Outstanding Questions.

• Although antioxidants do not alleviate a G6PD deficient hematologic phenotype, are they effective for treatment of chronic diseases associated with G6PD deficiency?

• Are hematological indexes suitable clinical endpoints for clinical trials in G6PD deficient patients? If so, how should improvements in hematological indexes be translated to a clinical phenotype?

• Should a surrogate endpoint, subjecting patient blood to oxidative stressors, be used for patient selection in a trial and/or a primary endpoint to establish efficacy for clinical trials in G6PD deficient patients?

• Can improving GSH production via targeting GSH biosynthesis prevent hemolysis induced by oxidative stress?

• Can other NADPH producing pathways, such as IDH1 and ME1, be targeted to compensate for G6PD deficiency in chronic diseases or in a hemolytic context?

• Is improving G6PD protein levels in erythroblast sufficient to restore enzymatic activity? If so, is variant stability a major predictor of efficacy?

• What HDACs are important for erythropoiesis and G6PD transcription? Are HDAC2 and HDAC5 required for G6PD transcription?

• Can NRF2 upregulate G6PD transcription in erythroblasts? Are benefits comparable to an HDAC inhibitor?

• Is stabilization of G6PD protein sufficient to improve clinical phenotype?

• Does cost/benefit ratio for gene therapy deem it as practical for treatment of G6PD deficiency?

Highlights.

• G6PD deficiency is better known as a hematologic disorder. However, G6PD plays a role in other chronic disorders such as diabetes, cardiovascular disease, viral infectivity and complications, and neurodegeneration.
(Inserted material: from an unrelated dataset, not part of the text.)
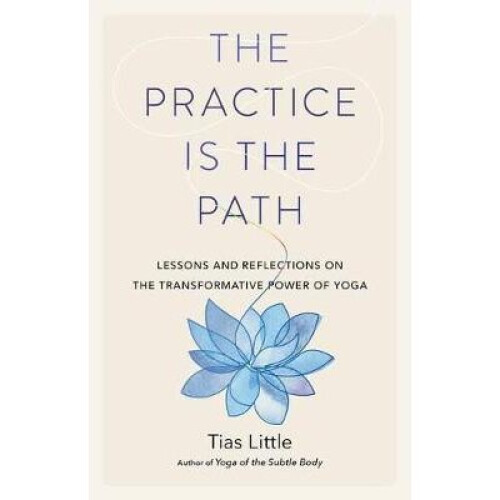 The Practice Is the Path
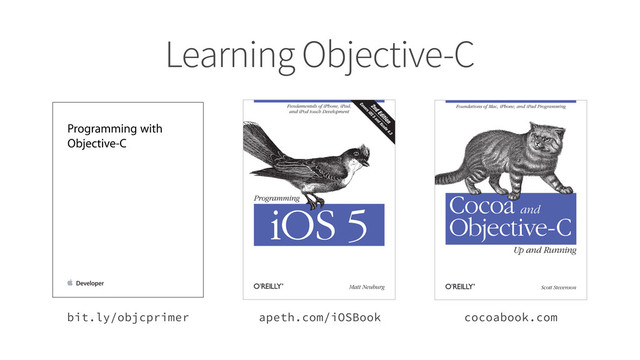 Learning Objective-C
Programming with
Objective-‐C
bit.ly/objcprimer apeth.com/iOSBook cocoabook.com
• Antioxidant therapy is the most commonly explored treatment strategy for hemolysis caused by G6PD deficiency. However, it is largely ineffective, with ascorbate triggering AHA in erythrocytes.

• Therapeutic opportunities for G6PD deficiency include improved glutathione biosynthesis via NAC administration, exploiting NADPH compensatory pathways, small molecules which correct enzyme dysfunction by directly binding to G6PD, small molecules that increase the transcriptional output of G6PD, and gene therapy.

Glossary

Bilirubin

a byproduct of heme catabolism, often noted for its color (yellow pigment), found to have antioxidant and oxidant properties and to have pathological consequences.
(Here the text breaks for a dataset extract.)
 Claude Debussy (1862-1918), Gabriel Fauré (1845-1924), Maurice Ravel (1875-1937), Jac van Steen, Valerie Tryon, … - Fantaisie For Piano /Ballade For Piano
Glucose-6-phosphate dehydrogenase (G6PD)

A housekeeping enzyme responsible for catalyzing the conversion of glucose-6-phosphate and NADP⁺ into 6-phosphoglucono-δ-lactone and NADPH.

G6PD deficiency (G6PD^def)

A genetic disorder, caused by mutations in the G6PD gene, which leads to the hemolysis of red blood cells.

Glutathione (GSH)

An endogenous antioxidant that protects the cell from oxidative stress by neutralizing ROS; upon reaction with ROS, GSH is converted to GSSH, where it is recycled back into GSH by glutathione reductase, using NADPH as a cofactor.

Histone Deacetylase Inhibitor (HDACi)

A class of anti-cancer small molecules that target histone deacetylases.

Methemoglobinemia

a disorder characterized by excessive levels of methemoglobin. Due to loss of hemoglobin O₂ binding, symptoms are largely related to O₂ deficiency.

Nicotinamide adenine dinucleotide phosphate (NADPH)

A cofactor that is used for biosynthetic reactions and plays a major role in protecting the cell against oxidative stress.

Pentose phosphate pathway (PPP)

A branch of glucose metabolism, parallel to glycolysis, where glucose-6-phosphate is diverted to produce cellular NADPH and ribose-5-phosphate; metabolites important in redox homeostasis, nucleotide and fatty acid synthesis.